Records shown:

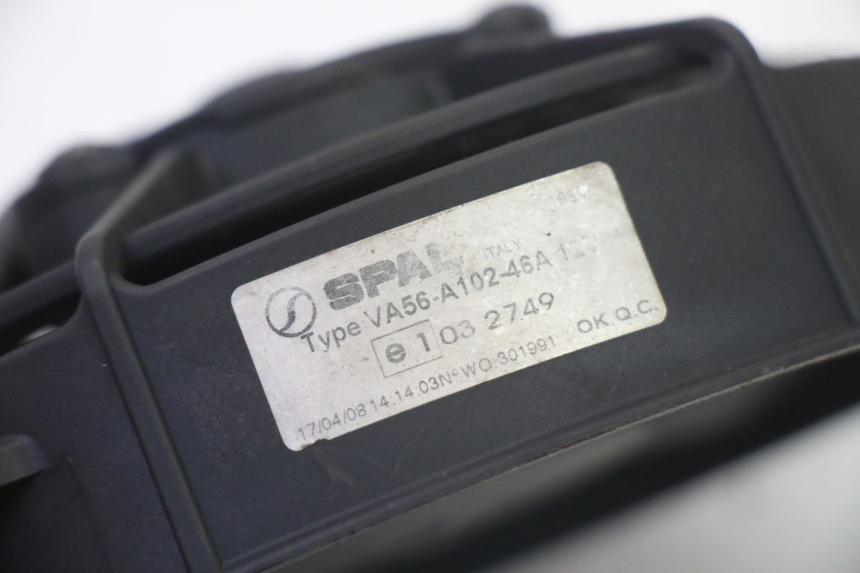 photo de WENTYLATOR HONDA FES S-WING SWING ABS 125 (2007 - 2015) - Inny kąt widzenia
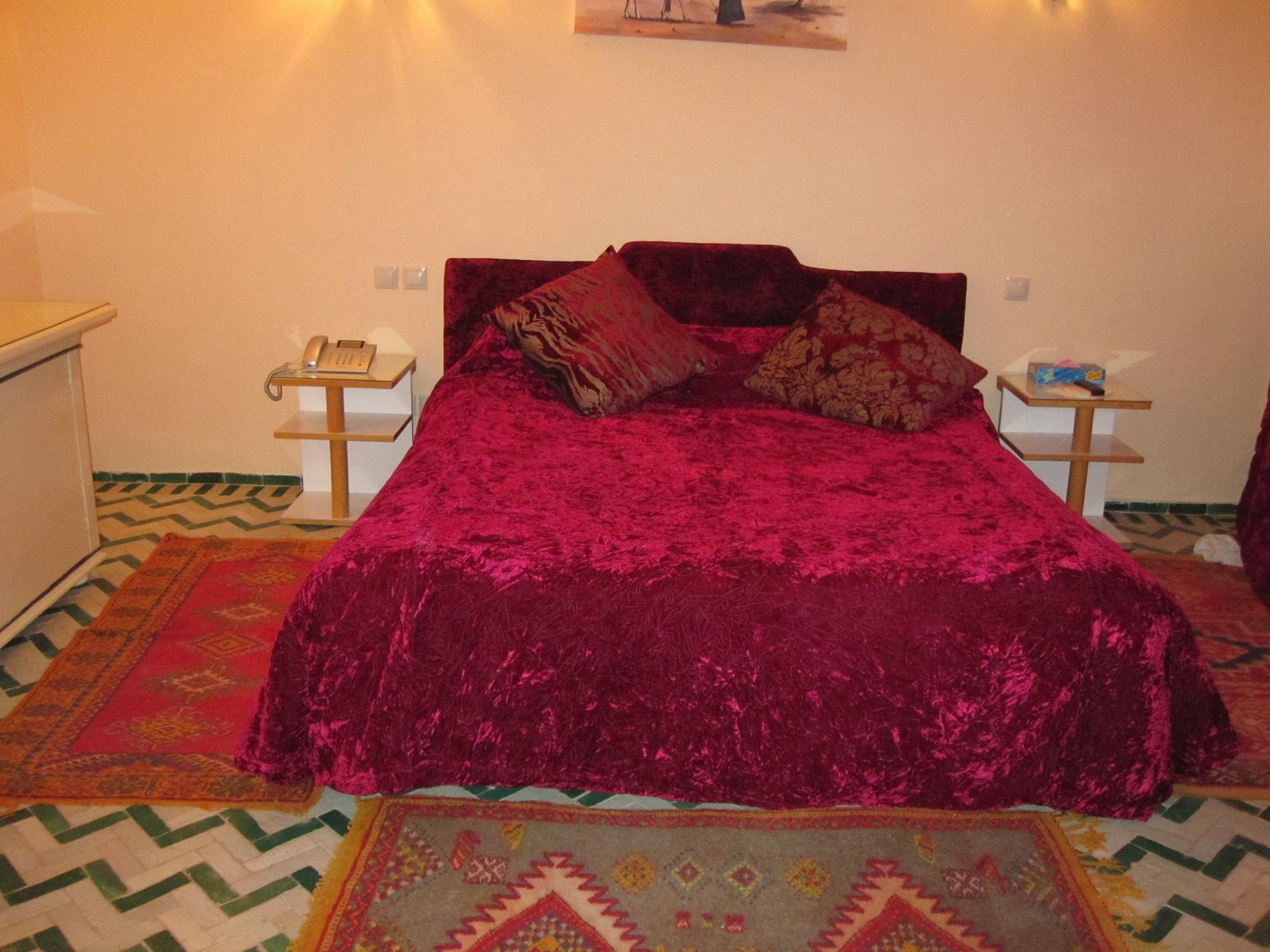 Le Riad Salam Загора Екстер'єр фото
---
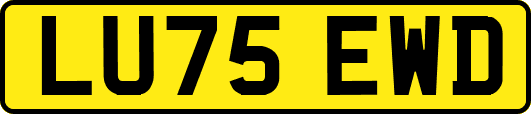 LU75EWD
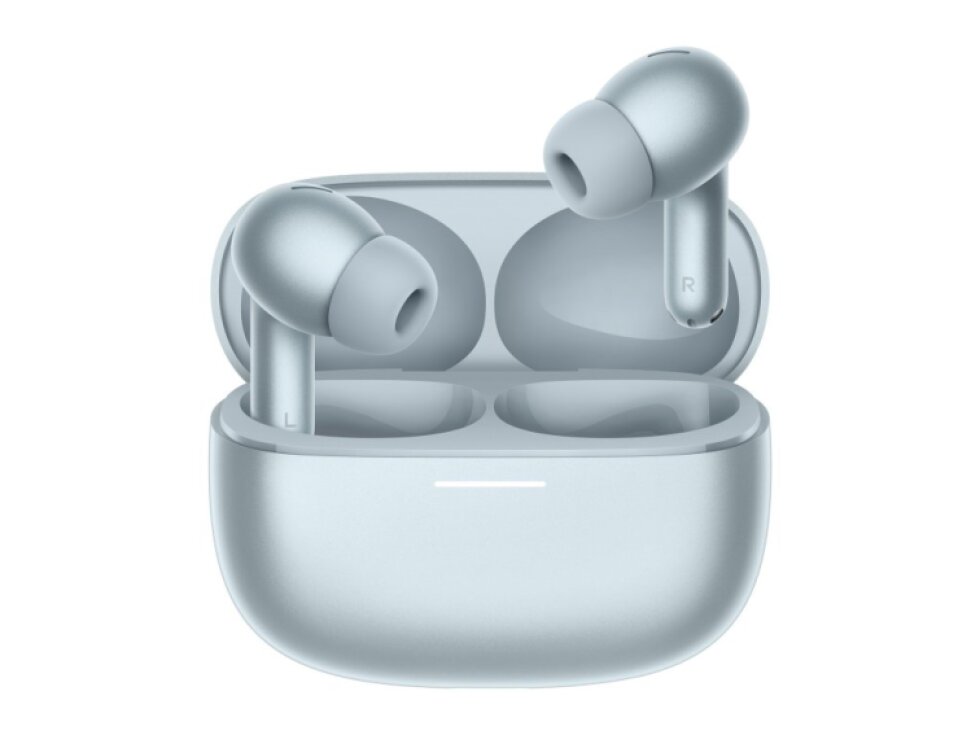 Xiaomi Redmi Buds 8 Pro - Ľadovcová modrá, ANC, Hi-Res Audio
==
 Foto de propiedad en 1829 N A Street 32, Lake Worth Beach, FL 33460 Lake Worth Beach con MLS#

Work instruction: Transcribe exactly the lines above, beginning at the one with "photo de WENTYLATOR" and going up to and including the one with "Le Riad Salam Загора Екстер'єр фото". Pictures do not belong in the copy.

Reply to the exercise:
 photo de WENTYLATOR HONDA FES S-WING SWING ABS 125 (2007 - 2015) - Inny kąt widzenia
 Le Riad Salam Загора Екстер'єр фото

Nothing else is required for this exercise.